There were no WMDs, they would aver. You've been to Al Taji, to the test sites outside the city. No missiles. Ergo, there would be no war. This must have been what it was like to be in Berlin before the blitz, I would think as I sat in traffic on the city's main 14th July Bridge. It was a city in ferment, caught in a fever of anticipation in the last days of the Saddam regime; yet, in complete denial.

Fully stocked groceries

The giveaway were the tiny grocery stores, so reminiscent of Dubai, that were fully stocked. If the invasion did come, when did I think it would happen, the Indian nun at Mother Teresa's Missionaries of Charity hospice asked, down a side street from the famed Tahrir square where Saddam's statue once stood. Her urgent tone was in marked contrast to the bravado of the ordinary Iraqi. Every man jack of them would be ready and waiting, armed and dangerous, said my government issue minder.

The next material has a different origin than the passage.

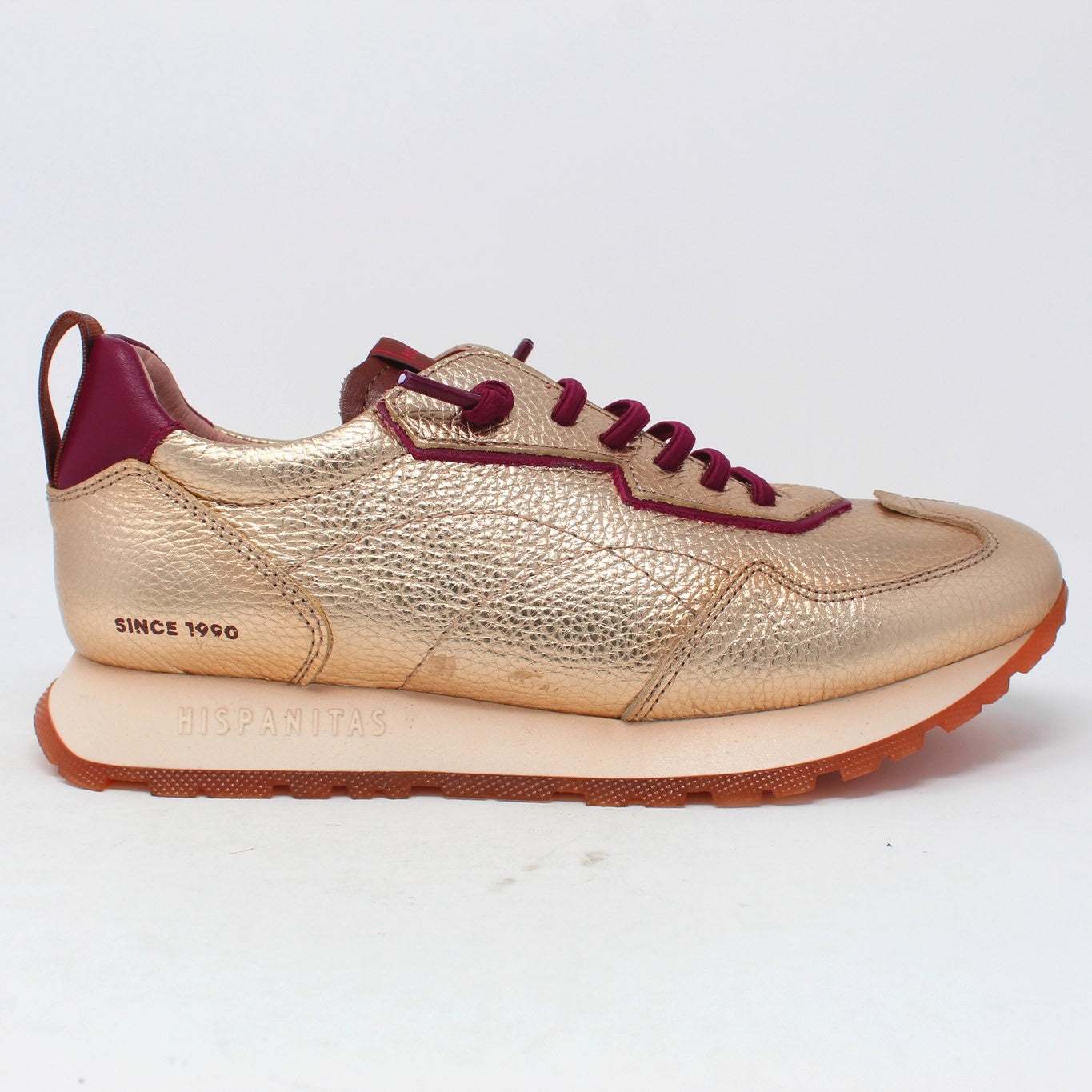 Kansas Trainer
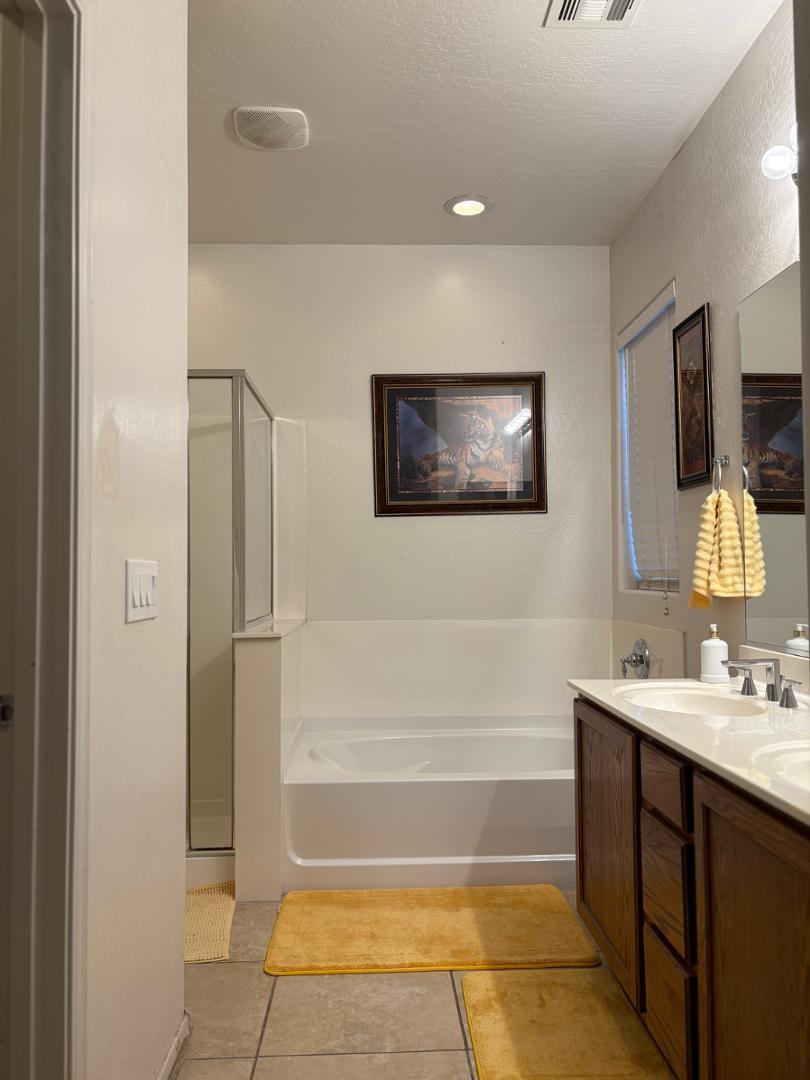 7408 W Wolf Street, Phoenix, AZ, 85033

In Baghdad's waterfront cafes along the Tigris where families flocked to savour grilled masghoof, at the university where the city's sharpest intellects dissected the IAEA's every statement, in Shiite-dominated Saddam city, safe to walk even after midnight, they shrugged off the war that hung over the city like a pall.

When the first bombs fell and I watched - from the safety of Dubai - as millions did on television, the building across from the Al Rashid hotel where I had stayed only days before, went up in flames. I dialed all the friends I had made in that incredible city and sent frantic emails to the rest. Silence. Framed against the waterfront offices of Al Arabiya, hit in that first wave of bombing was the television anchor Shaker Al Tai, the man who took me under his wing while I was in his city. Unfazed, he, like his stoic brethren was doing what he does best, his job.